Como todos sabem, a fuga de petróleo no Golfo do México continua sem solução apesar dos esforços. 

É também sabido que a corrente do Golfo após sair do Golfo sobe ao longo da costa leste dos EUA a grande velocidade virando para o interior do Atlântico, dividindo-se em vários ramos, sendo um deles a Corrente dos Açores.

É certo que o petróleo ao longo de uma viagem de milhares de quilómetros perderá boa parte da sua nocividade, mas de qualquer forma, num cenário em que a fuga não conseguir ser estancada, as nossas águas podem vir a ser afectadas de alguma forma. Claro que nunca com a gravidade do que se está a passar no Golfo.

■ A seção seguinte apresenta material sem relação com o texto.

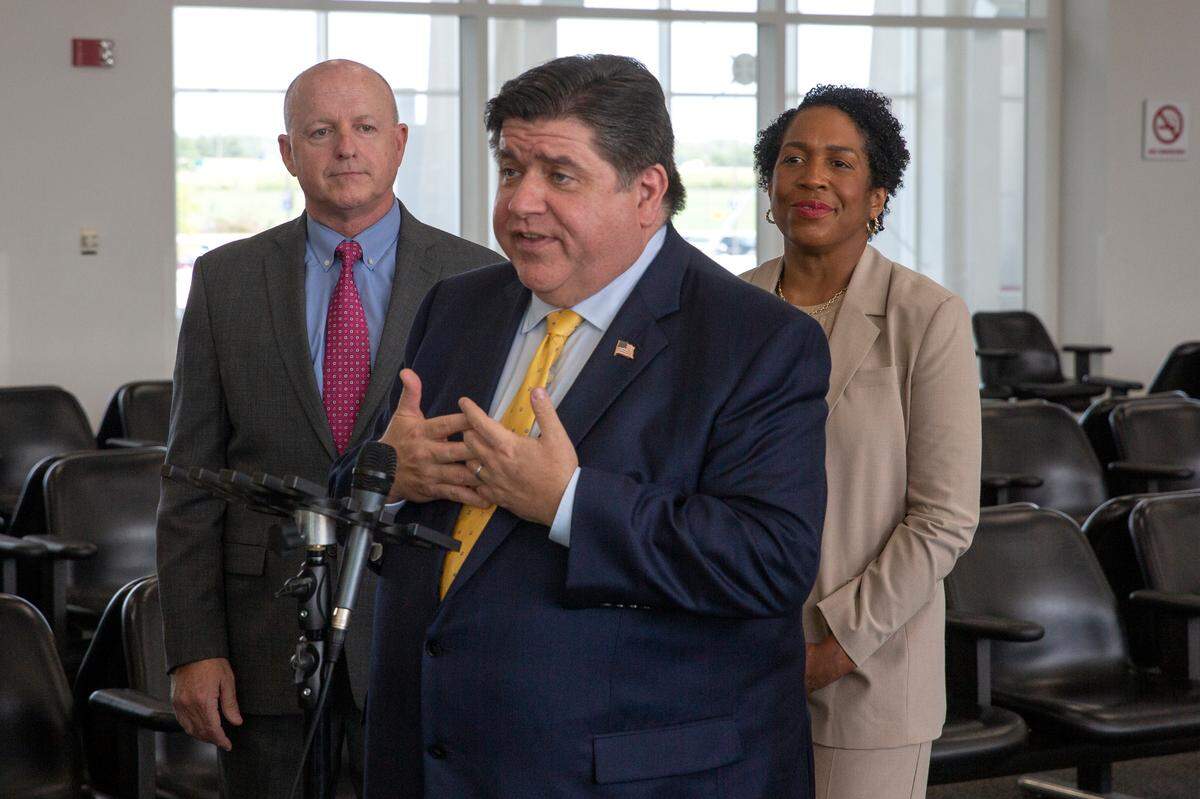 Illinois Gov. J.B. Pritzker answers questions from the press about the MidAmerica St. Louis Airport expansion on Tuesday, June 13, 2023 at MidAmerica St. Louis Airport. Behind him stand MidAmerica St. Louis Airport Director Bryan Johnson, left, and Illinois Lt. Gov. Juliana Stratton.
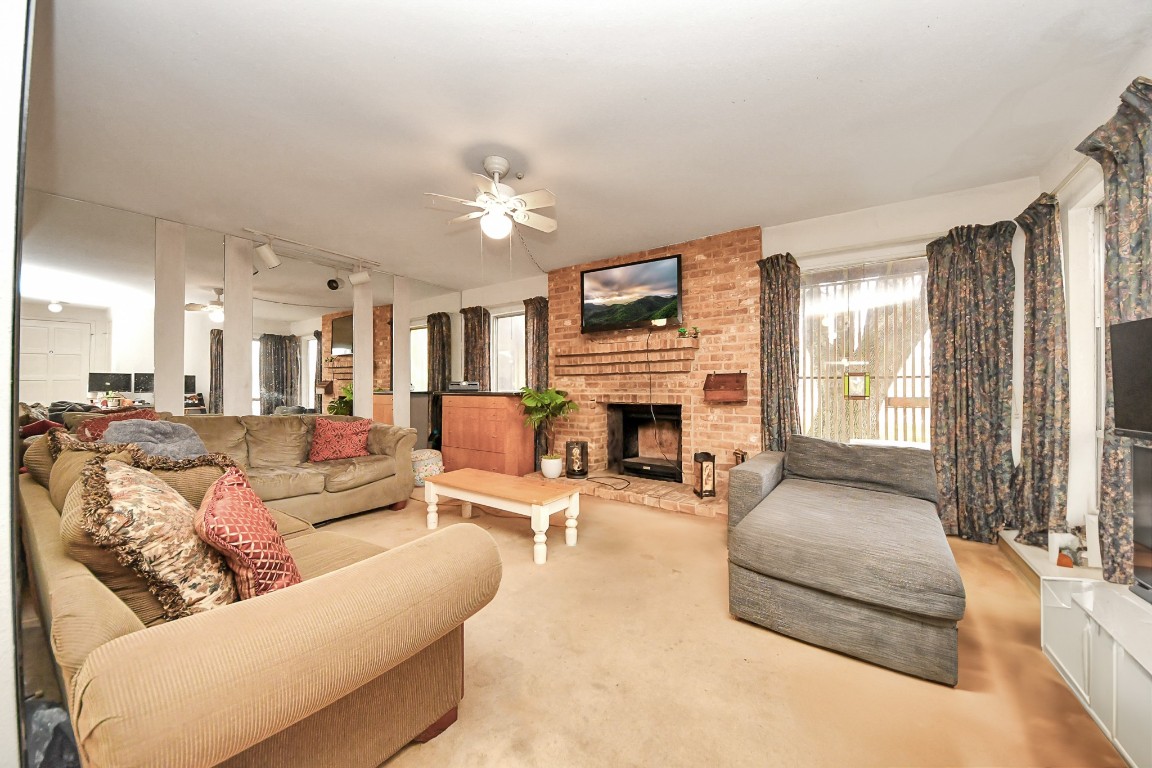7728 Challie Lane Houston, TX 77088 - Photo 12 of 28 a living room with furniture and a fireplace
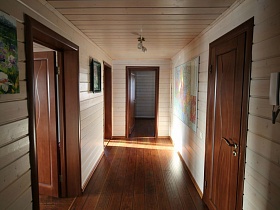 видеодомофон у двери в светлом холле с яркими картинами на стене современного деревянного дома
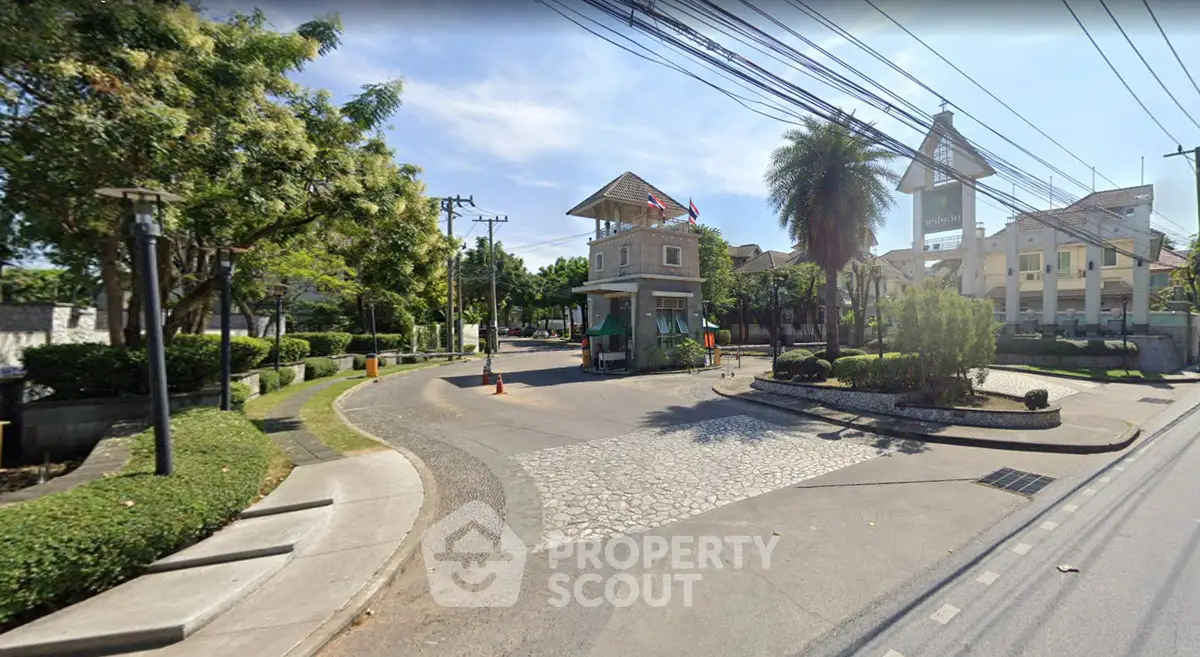 Charming gated community entrance with lush greenery and security post, ideal for serene living.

O NCAR (National Center for Atmospheric Research) divulgou ontem algumas simulações em modelo que mostram esse cenário, mas refira-se que alguns especialistas consideram que o que chegaria já estaria muito disperso para ser nocivo. Embora tudo isto seja novo, e ninguém tem certezas absolutas sobre esta matéria.


[ame="http://www.youtube.com/watch?v=pE-1G_476nA"]YouTube- Ocean currents likely to carry oil to Atlantic[/ame]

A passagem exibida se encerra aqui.